Details
-
Bug
-
Status: Open
-
Major
-
Resolution: Unresolved
-
2.4.4, 3.0.0
-
None
-
None
Description
While I was doing some changes in the executor allocation manager, I realized there is a bug with dynamic allocation in standalone mode.
The issue is that if you run standalone mode with the default settings where the executor gets all the cores of the worker, spark core (allocation manager) doesn't know the number of cores per executor to be able to calculate how many tasks can fit on an executor.
It therefore defaults to the use the default EXECUTOR_CORES which is 1 and thus could calculate it needs way more containers there are actually does.
For instance, I have a worker with 12 cores. That means by default when I start an executor on it, it gets 12 cores and can fit 12 tasks. The allocation manager would use the default of 1 core per executor and say it needs 12 executors when it only needs 1.

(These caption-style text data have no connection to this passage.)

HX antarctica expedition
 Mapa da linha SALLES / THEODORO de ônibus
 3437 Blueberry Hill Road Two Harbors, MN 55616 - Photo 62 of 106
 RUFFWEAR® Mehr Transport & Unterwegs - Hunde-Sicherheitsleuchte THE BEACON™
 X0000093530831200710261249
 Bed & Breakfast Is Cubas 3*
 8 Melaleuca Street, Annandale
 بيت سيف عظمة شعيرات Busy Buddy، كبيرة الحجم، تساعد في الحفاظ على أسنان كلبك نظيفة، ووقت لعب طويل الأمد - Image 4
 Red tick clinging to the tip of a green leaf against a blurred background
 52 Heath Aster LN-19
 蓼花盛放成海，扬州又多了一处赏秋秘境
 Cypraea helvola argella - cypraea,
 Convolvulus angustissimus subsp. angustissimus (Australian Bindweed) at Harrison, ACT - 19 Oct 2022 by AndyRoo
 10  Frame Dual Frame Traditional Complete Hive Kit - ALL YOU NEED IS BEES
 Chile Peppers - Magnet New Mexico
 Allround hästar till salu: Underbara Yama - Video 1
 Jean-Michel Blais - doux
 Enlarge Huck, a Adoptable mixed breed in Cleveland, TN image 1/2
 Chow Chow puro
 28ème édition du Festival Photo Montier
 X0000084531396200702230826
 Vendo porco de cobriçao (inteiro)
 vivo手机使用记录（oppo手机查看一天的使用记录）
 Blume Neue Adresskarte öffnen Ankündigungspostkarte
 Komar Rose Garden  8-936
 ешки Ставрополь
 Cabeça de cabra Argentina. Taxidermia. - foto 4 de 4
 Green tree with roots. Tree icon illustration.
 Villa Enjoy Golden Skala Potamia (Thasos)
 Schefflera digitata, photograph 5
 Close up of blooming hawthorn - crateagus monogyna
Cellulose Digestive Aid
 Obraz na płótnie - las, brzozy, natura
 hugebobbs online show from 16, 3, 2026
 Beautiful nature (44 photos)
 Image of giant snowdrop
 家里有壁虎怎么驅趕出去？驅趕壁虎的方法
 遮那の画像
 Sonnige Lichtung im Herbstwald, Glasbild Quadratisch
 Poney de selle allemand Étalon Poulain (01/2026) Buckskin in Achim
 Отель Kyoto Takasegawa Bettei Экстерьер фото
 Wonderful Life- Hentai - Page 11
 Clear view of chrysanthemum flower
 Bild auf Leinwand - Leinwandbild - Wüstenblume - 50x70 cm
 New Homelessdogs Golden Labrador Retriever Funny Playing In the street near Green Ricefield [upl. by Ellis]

The fix for this isn't trivial since it would need to know how many cores each one has and I assume it would also need to handle heterogenous nodes. I could start workers on nodes with different numbers of cores - one with 24 cores and one with 16 cores. How do we estimate the number of executors in this case. We could just choose the min of existing ones or something like that as an estimate and it would be closer, unless of course the next executor you got didn't actually have that.